Extracted data entries:
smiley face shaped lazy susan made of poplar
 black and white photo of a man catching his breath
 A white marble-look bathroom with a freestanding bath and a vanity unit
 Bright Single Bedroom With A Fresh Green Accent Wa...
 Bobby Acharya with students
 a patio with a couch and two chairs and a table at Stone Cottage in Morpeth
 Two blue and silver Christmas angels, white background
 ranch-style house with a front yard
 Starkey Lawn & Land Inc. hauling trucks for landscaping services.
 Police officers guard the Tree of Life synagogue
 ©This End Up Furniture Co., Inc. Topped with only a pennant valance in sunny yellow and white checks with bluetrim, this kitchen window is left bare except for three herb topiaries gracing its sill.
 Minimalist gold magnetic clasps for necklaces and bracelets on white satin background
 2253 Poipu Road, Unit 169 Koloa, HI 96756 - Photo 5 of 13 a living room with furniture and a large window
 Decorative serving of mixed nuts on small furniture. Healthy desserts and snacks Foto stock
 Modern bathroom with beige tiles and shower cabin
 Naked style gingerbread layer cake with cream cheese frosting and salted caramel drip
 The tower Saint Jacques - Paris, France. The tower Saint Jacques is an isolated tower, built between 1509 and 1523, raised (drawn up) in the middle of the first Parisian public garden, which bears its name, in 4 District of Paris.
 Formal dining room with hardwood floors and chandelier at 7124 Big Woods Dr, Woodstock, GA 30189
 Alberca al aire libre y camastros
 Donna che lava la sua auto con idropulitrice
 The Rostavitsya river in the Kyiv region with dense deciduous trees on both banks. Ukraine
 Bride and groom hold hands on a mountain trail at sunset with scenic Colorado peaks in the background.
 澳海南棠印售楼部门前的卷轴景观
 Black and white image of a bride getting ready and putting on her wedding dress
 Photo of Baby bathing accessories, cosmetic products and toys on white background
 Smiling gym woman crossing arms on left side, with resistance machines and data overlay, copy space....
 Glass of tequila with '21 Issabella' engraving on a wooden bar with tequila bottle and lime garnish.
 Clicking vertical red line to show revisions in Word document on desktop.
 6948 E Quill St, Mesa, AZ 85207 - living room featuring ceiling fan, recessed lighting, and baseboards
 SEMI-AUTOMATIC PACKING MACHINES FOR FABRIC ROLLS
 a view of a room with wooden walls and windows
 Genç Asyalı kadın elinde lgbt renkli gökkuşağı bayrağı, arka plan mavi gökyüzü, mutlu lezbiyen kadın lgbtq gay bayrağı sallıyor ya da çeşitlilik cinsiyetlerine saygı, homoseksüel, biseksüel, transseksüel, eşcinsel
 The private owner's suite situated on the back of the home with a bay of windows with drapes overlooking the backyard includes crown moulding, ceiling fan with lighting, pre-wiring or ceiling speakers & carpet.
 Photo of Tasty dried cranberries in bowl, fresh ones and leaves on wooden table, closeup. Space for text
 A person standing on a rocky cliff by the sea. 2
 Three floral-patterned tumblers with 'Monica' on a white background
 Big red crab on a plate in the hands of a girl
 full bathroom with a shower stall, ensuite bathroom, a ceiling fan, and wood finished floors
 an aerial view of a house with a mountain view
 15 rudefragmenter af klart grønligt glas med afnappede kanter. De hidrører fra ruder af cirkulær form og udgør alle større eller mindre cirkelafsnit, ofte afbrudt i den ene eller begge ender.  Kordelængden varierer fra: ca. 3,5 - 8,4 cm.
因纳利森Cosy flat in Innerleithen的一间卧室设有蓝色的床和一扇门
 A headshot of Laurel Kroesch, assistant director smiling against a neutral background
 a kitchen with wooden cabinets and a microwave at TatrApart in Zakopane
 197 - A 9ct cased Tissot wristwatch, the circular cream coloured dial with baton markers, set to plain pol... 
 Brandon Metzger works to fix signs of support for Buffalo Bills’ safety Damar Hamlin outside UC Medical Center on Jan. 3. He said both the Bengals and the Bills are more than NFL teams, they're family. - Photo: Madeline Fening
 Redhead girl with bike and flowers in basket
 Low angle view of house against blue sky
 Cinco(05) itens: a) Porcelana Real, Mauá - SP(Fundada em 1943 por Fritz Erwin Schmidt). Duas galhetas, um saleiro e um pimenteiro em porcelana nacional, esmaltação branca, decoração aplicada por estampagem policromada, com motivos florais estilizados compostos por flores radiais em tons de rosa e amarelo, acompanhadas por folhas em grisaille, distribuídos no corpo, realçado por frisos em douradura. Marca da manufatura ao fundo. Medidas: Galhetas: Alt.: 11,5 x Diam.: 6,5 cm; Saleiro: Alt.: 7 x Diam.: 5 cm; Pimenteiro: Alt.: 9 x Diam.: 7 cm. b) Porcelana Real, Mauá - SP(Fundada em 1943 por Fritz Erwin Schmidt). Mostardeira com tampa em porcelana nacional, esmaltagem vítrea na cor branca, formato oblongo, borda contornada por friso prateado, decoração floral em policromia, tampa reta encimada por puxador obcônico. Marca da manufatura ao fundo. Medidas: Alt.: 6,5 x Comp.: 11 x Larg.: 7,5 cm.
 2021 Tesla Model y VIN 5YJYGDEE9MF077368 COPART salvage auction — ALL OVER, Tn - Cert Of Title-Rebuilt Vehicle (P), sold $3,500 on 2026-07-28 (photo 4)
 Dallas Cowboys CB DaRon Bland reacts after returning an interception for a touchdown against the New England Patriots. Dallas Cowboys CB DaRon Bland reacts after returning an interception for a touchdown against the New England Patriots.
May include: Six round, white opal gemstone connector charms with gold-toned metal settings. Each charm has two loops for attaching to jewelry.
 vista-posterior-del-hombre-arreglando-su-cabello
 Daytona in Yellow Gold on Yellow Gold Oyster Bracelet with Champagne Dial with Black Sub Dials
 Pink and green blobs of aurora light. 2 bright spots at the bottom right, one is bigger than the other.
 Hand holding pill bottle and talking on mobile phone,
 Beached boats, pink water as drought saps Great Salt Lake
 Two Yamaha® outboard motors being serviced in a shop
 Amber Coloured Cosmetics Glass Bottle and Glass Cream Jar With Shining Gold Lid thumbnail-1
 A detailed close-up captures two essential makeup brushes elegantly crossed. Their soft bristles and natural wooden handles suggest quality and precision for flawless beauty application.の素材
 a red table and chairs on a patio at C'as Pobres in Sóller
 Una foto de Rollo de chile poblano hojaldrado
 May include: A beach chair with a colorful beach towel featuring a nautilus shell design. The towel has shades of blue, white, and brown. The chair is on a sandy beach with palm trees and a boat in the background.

What to produce: In the entries above, find each line with "floors" and copy it.

Answer below:
 Formal dining room with hardwood floors and chandelier at 7124 Big Woods Dr, Woodstock, GA 30189
 full bathroom with a shower stall, ensuite bathroom, a ceiling fan, and wood finished floors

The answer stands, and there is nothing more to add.